**WORK ITEM:** Locate "Men's Retro Suede" in the data below, then output the line it is on and all following lines through the last, word for word. Skip any pictures.

**DATA EXTRACT:**
·····
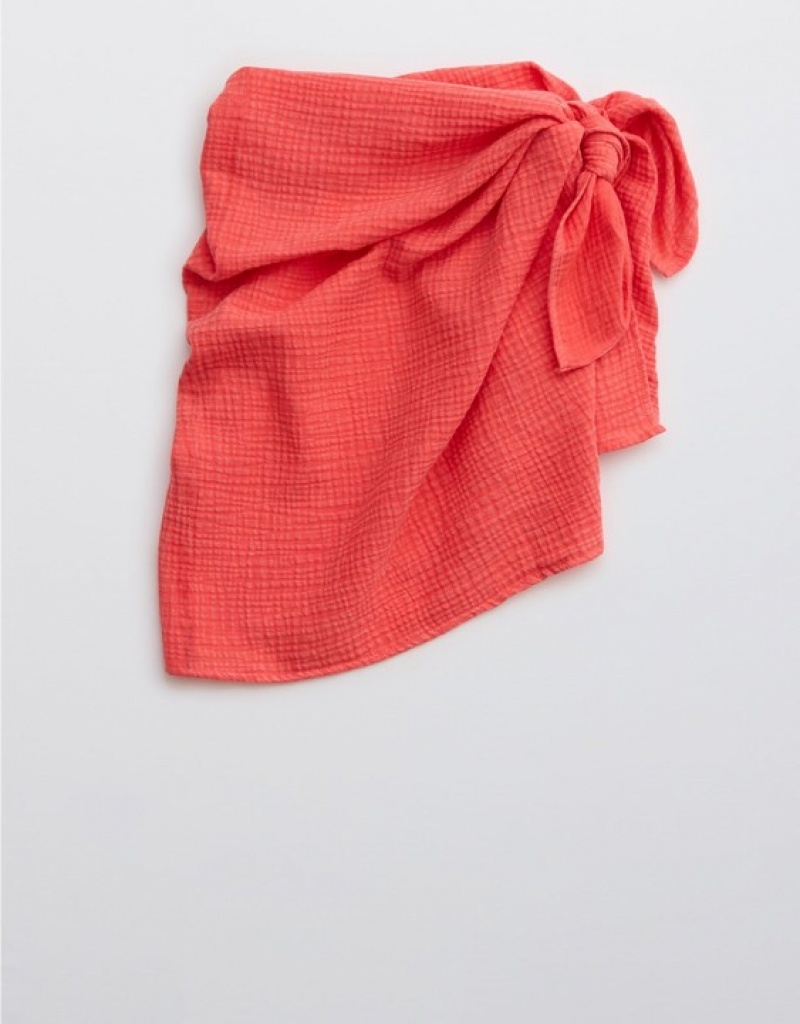 Aerie Gauze Mini Sarong Skirts Red | 5402DUQZG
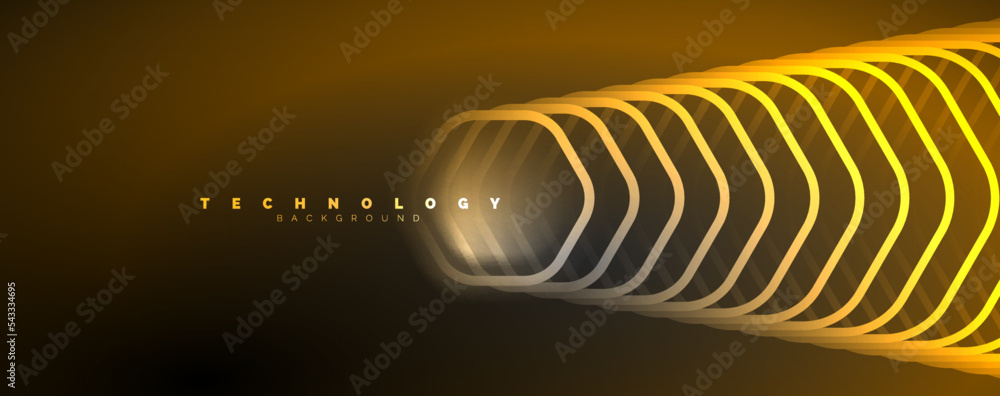 Fototapeta premium Techno shiny hexagons abstract background, technology energy space light concept, abstract background wallpaper design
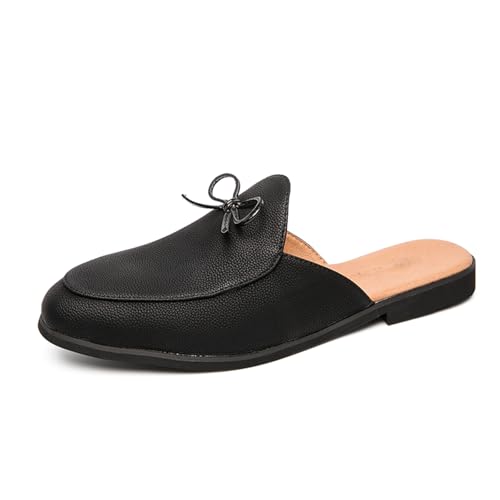 Men's Retro Suede Leather Slip-On Dress Mules Slippers Loafers Summer Flats Formal Backless Loafers Work Slides Casual Open Back Sandals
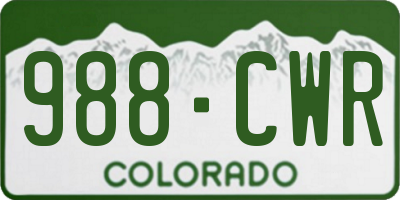 CO license plate 988CWR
·····
**TASK ANSWER:**
 Men's Retro Suede Leather Slip-On Dress Mules Slippers Loafers Summer Flats Formal Backless Loafers Work Slides Casual Open Back Sandals
 CO license plate 988CWR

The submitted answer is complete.